We defended our thesis a few days ago (by “we”, I mean my best friend and I, we worked together). On the weekend before the defence, my mom offered to take me to my favourite shop for buying some new clothes to wear on that special day. I fell immediately for a red shirt that looked perfect on me, I hesitate about even try it on, and my mom hesitated on buying it: “You look great on that shirt but… its red you know…” In an irrational glance, we finally decided to take it. Everyone at home had similar reactions: “It’s beautiful…but red” – “So are you definitely sure about wearing red for your thesis defence?”


On the night before the defence, instead of doing what I supposed to do (which was to read and study my 200 pages of my thesis one more time); I gave a suspicious look to the tempting but apparently inconvenient red shirt. Then I thought that after all, the whole faculty including my friend and thesis partner, my tutor and the jury are quite aware of my political stances so there’s nothing to be scared of. After all, it seems that the worse thing it can happen to you if you wear a red shirt, is to be confused with a Revolution – Chavez (gives the same) supporter; that can be a very harsh stigma sometimes. I finally fall sleep and in just a few hours I was ready: with my hair straightened, with more make up that what I usually dare to wear in the mornings, with my shoes cleaned, my pants pressed and my shining brand new red shirt plus a pair of earrings that matched.

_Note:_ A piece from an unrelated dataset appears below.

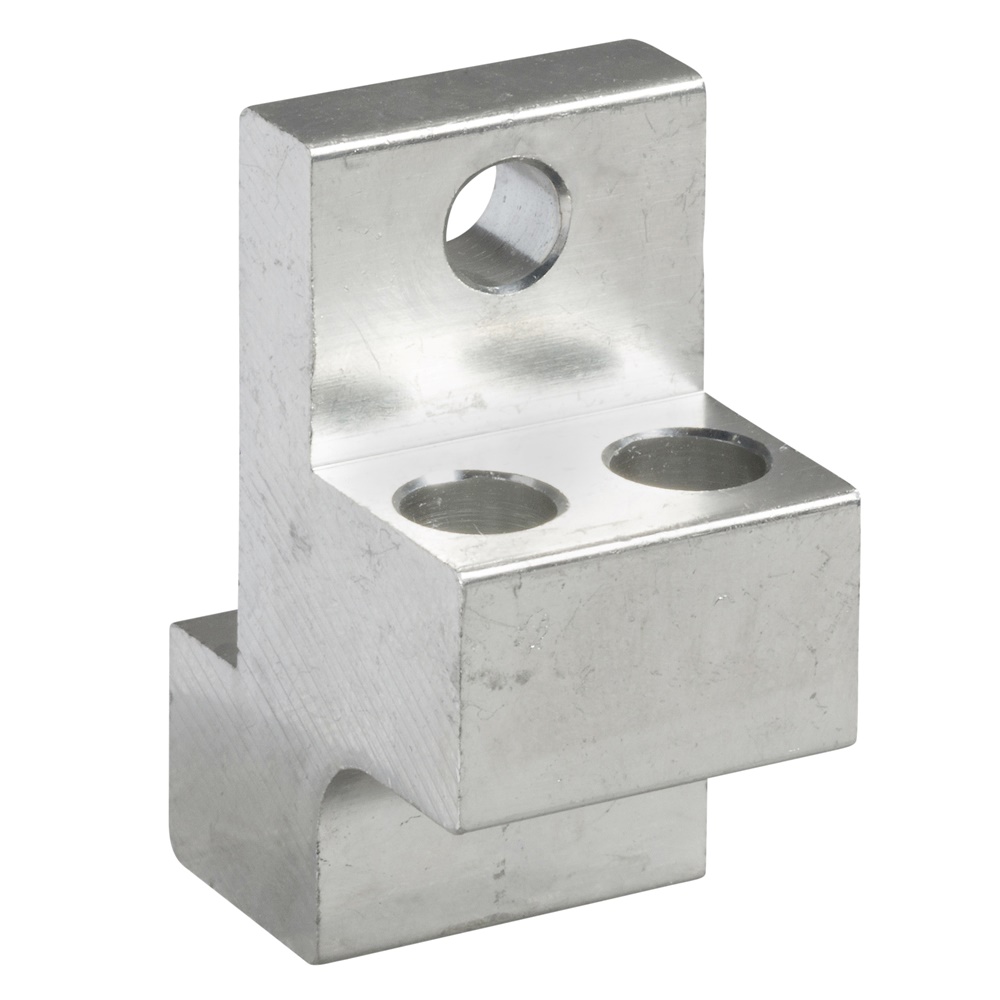 Morsetti multipli 4 poli 4x25 mm² per INS100-160 connessione cavi elettrici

And then, at the university, something extraordinary happened: no one even bothered on my red shirt; everyone simply wished me good luck and said I looked pretty. They had the same reaction they would have if they see me wearing a blue, purple or green shirt. The jury didn’t give me an odd look, perhaps they just laughed because of nervous temper. They asked loads of questions, we gave loads of answers. And they soon gave the verdict: 19 points in a scale of 1- 20. Of course I wanted the 20, but 19 is it not that bad.

After that, I randomly walked through campus, feeling that I finally stopped being a student, feeling that this stage of my life is pretty much over and a new one is beginning.

I looked again at my new red shirt and I thought about the red masses supporting the president, the red ads promoting the Revolution and threatening its opponents, the red shirts that public employees, students with scholarships, or people who has received any benefit from a government social program or mission; is forced to wear in order to receive what it needs from the Revolution, the red dresses the Revolutionary wives wear on big parties, the almost sick way the opposition has avoid wearing red, having red cars etc, as their way to make a stance against the Revolution, the image of a student taking off the red shirt at the National Assembly when the Student Movement began…

I secretly counted the students who were wearing at least a red sweater and I noticed that same as my student years, the red-phobia that haunted us for so many years it’s probably over too. Now my university usually goes to demonstrations wearing red t-shirts with messages against the government (every university from the Student movement has a colour for demonstrations, for example: the Simón Bolívar goes in yellow, and the Metropolitana in orange) and I just wear a red shirt on the most important day of my career: my thesis defence.

You might think that I’m making a big deal because of something as simple as a colour. But one can never sub estimate the power of symbols. If the red stop meaning a lot here, if the red goes back to be just a pretty colour to wear and not a political weapon; the Revolution will lose some symbolic power. The red does not longer belong in an exclusive way to the Revolution. Same as red, maybe there’s a lot of things that does not longer belong to the Revolution as well. Maybe one day my hopes for the future, for the adult life I’m just starting to build, does not belong to the caprice of the ones who are currently ruling my country.